Key Numbers & Timelines
- 9 years profitable trading as of 2026.
- Example trader with 40% win rate, €100 average win, €50 average loss → +€10 per trade expectation.
- Bitcoin ATR (1-hour): ~600 points; SP500 ATR (1-hour): ~22 points.
- Stop loss multiples: Bitcoin 2.37× ATR; SP500 1.63× ATR.
- Track record annual return ~30%.
- Max drawdown historically ~23%, recent drawdown ~2.66%.
- Typical monthly returns 2-3%, with best months up to 12-15%.
- Risk per trade examples: 1% baseline, reduced to 0.6% at max drawdown.
- Example account: €5,000 starting capital, 1% risk, 7% max drawdown historical.
Disclaimers & Notes
- Content is educational and practical, not explicitly labeled as financial advice.
- Track record is audited and publicly available.
- Risk percentages and parameters are adjustable based on individual preferences.

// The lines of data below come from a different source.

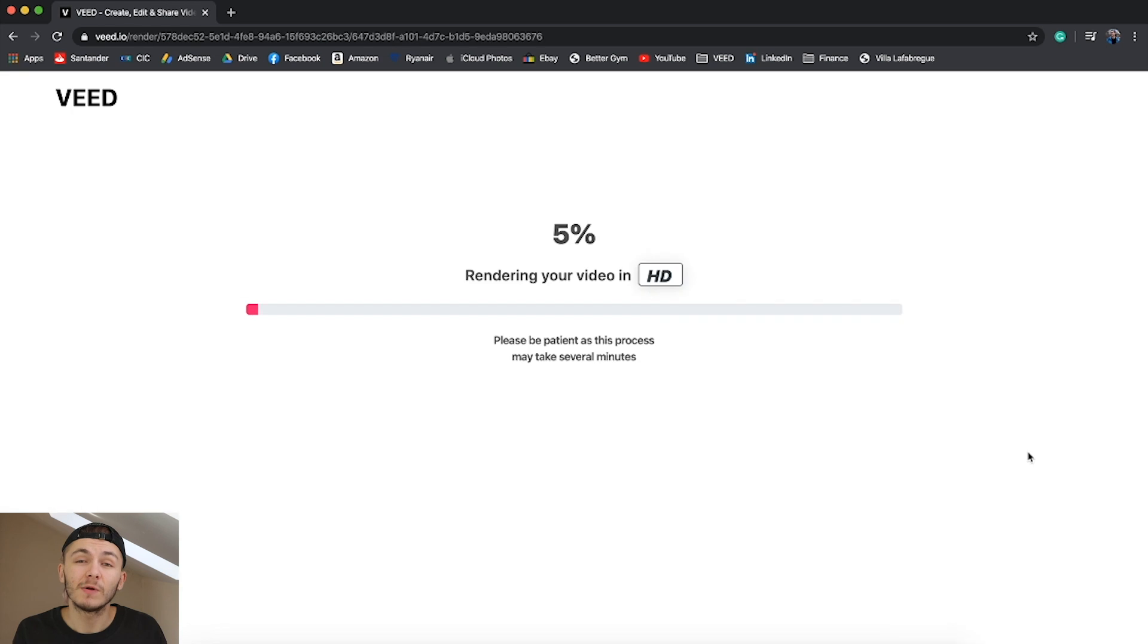And then if I click on download my video is then going to start rendering, and then once it's finished rendering I can download it in HD. And that is how you automatically add subtitles to your videos using veed.io.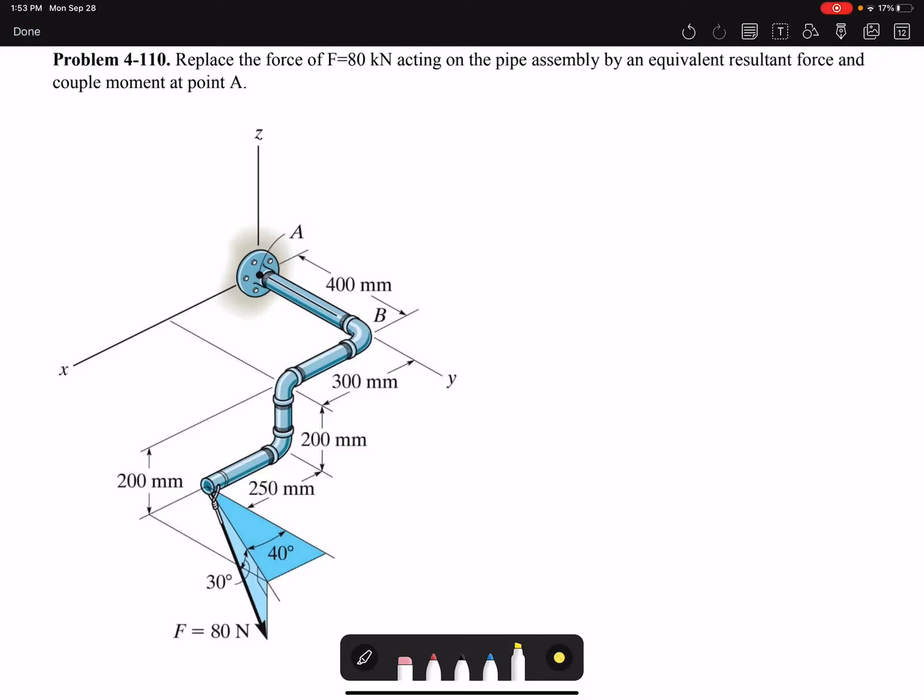Hello everyone. In this video we're going to solve problem 110 of chapter 4: replace the force F acting on the pipe assembly by an equivalent resultant force and couple moment at point A.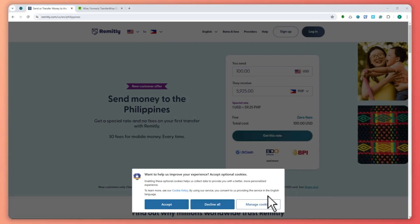The biggest deal breaker between these two is the offer of cash pickup. Remitly offers cash pickup while WISE doesn't. So if that's important to you, then you should go with Remitly.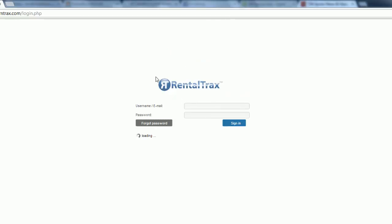The logo on the login page will change to your company logo once you get it set up. Once you go through the basic settings, we'll get into that in just a few minutes in the basic settings tutorial, but that'll change so that your clients can see your logo there.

- Emphasis on using objective data and personal historical stats rather than subjective guesses.
Presenter
- The presenter is a professional trader with a verified public track record.
- No name given in subtitles.
- Provides free educational content, courses, tutorials, and live trading sessions linked in video description.
Overall, the video is a comprehensive guide focused on the critical importance of money management, risk control, expectation calculation, and performance measurement in trading, illustrated with practical examples and tools to help traders improve profitability and longevity in the markets.